Si necesitan una imagen que muestre otra parte del circuito avísenme y la subo.
*
Desde ya muchas gracias!!!*


----------



## R-Mario (Feb 26, 2013)

Posiblemente sea un pequeño choque que sirve como filtro, si lo  puedes cambiar por un componente no SMD. Necesitarias el diagrama para conocer su valor exacto. Podrias colocar un puente para ver si funciona.

Por cierto nos van a mandar a moderacion porque el tema no va aqui


----------



## D@rkbytes (Feb 26, 2013)

Movido aquí.......


----------



## pablostar (Feb 27, 2013)

Ajna muchas gracias por tu respuesta!!! Voy a seguir buscando el diagrama para ver que valor tiene este componente. 
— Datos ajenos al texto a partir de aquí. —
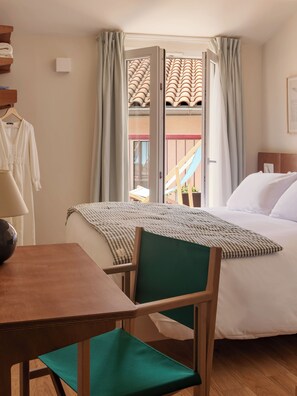 A hotel room with a bed, a desk, a chair, a window with curtains, and a view of a building with a tiled roof.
Te hago una consulta, esta bobina seria como una especie de protección para una posible sobrecorriente? porque un amigo tiene un controlador similar pero marca behringer fvb1010, que tiene dos fusibles de amperaje muy bajo, no recuerdo bien los valores pero le voy a preguntar; Seria posible reemplazar este componente por un fusible de valores en miliamperios, si la función de la bobina solo es de protección? o tiene q ser una bobina si o si para filtrar alguna frecuencia o algo parecido?


----------



## pablostar (Feb 27, 2013)

Hola Ajna, medí el transformador y entrega el voltaje correcto, 9,55vcc. Hice el puente que me dijiste para probar si arrancaba y si! arranco normalmente jaja, muchas gracias!!!! Ahora mi pregunta es si le puedo poner el fusible que te comente para evitar que se me queme algo mas, o por que otro componente puedo sustituir la bobina para poder empezar a usar el pedal normalmente sin correr riesgo de que se rompa nuevamente! ahora para probar, le soldé un hilo de cobre muy fino, adjunto la imagen para mostrarte! También se me ocurre que la bobina se pudo haber quemado por una fisura en la soldadura que genero un aumento de la temperatura, puede ser posible esto? 

Gracias nuevamente!!!


----------



## 1024 (Feb 27, 2013)

pablostar dijo:


> ......... si la función de la bobina solo es de protección? o tiene q ser una bobina si o si para filtrar alguna frecuencia o algo parecido?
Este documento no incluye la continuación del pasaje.